Company officials have denied the account given by congressional staffers and said none of its employees were tricked.
FireEye said they caught the breach when hackers tried to register a new device on its systems, which tipped the company off to the wider cyber-attack.
Following an investigation, FireEye say they determined that SolarWinds’ Orion software had been hacked.
‘We initially detected the incident because we saw a suspicious authentication to our VPN solution,’ a spokesperson has since said.
‘The attacker was able to enroll a device into our multi-factor authentication solution, and that generates an alert which we then followed up on.’
They insist that the SolarWinds breach was the source of the attack against FireEye.
Once it determined that there was a wider cyber-attack, a FireEye executive alerted SolarWinds on December 12 of the compromise.
After learning of the SolarWinds breach, the National Security Council held an emergency meeting at the White House on December 12.
The Cybersecurity and Infrastructure Security Agency and the FBI were brought in to investigate after some government agencies were confirmed to have been hacked.
At this time, people with knowledge of the meeting reported that hackers believed to be working for Russia had been monitoring internal email traffic at the US Treasury and Commerce departments.
Sources told Reuters that they feared the hacks uncovered so far may have been be the tip of the iceberg.
SolarWinds began alerting about 33,000 of its customers on December 13 that an ‘outside nation state’ – widely suspected to be Russia – had injected malicious code into some updated versions of its premier product, Orion.

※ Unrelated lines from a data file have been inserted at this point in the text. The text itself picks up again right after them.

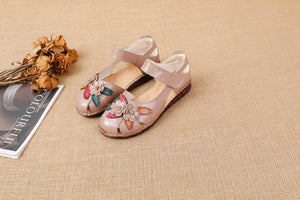 kamames Head Layer Cowhide Cow Tendon Bottom Mother Shoes Flat Sandals Hole Hole Anti-Slip Soft Bottom Soft Surface National Wind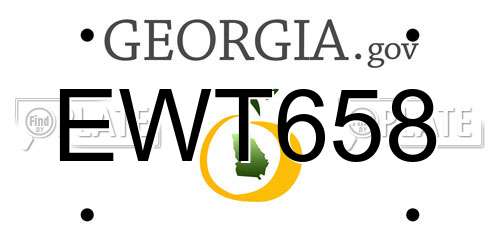 EWT658 Georgia License Plate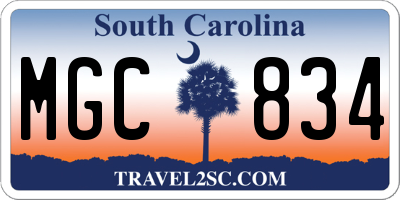 SC license plate MGC834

The company said in a statement that updates to its monitoring software released between March and June of this year may have been subverted by what it described as a ‘highly-sophisticated, targeted and manual supply chain attack by a nation state’.
The Cybersecurity and Infrastructure Security Agency issued an emergency directive ordering federal agencies to ‘disconnect or power down’ the SolarWinds Orion software due to the breach.
The list of victims continues to grow from the cyberattack that is being described as the biggest hack in American history.
The two US agencies responsible for maintaining America’s nuclear weapons stockpile – Energy Department and the National Nuclear Security Administration – have already said they were compromised in the attack.
The attack also breached the Pentagon, FBI, Treasury and State Departments.
The DOE and the NNSA have warned Congress that their breached networks may include the Los Alamos National Laboratory, which conducts the government’s most sensitive and advanced nuclear research, Politico reported.
The US has an estimated 5,800 nuclear warheads, some of which are on missiles and bombs ready for launch from submarines, airplanes and land-based missiles, while others are held in storage. Most however are in storage, retired, or being decommissioned.
Their status is one of the government’s most closely-guarded secrets, as are efforts to create new weapons, which are part of the Los Alamos National Laboratory’s work.
Another attack was found in a field office of the Energy Department in Richland, Washington state, which Politico reported could have been an effort to gather information on how to disrupt the national electricity grid.
The sprawling attack also compromised broad swathes of the private sector, including Microsoft and likely most of the Fortune 500.
The true scale of who has been affected and what information has been stolen may never be known, officials and experts say.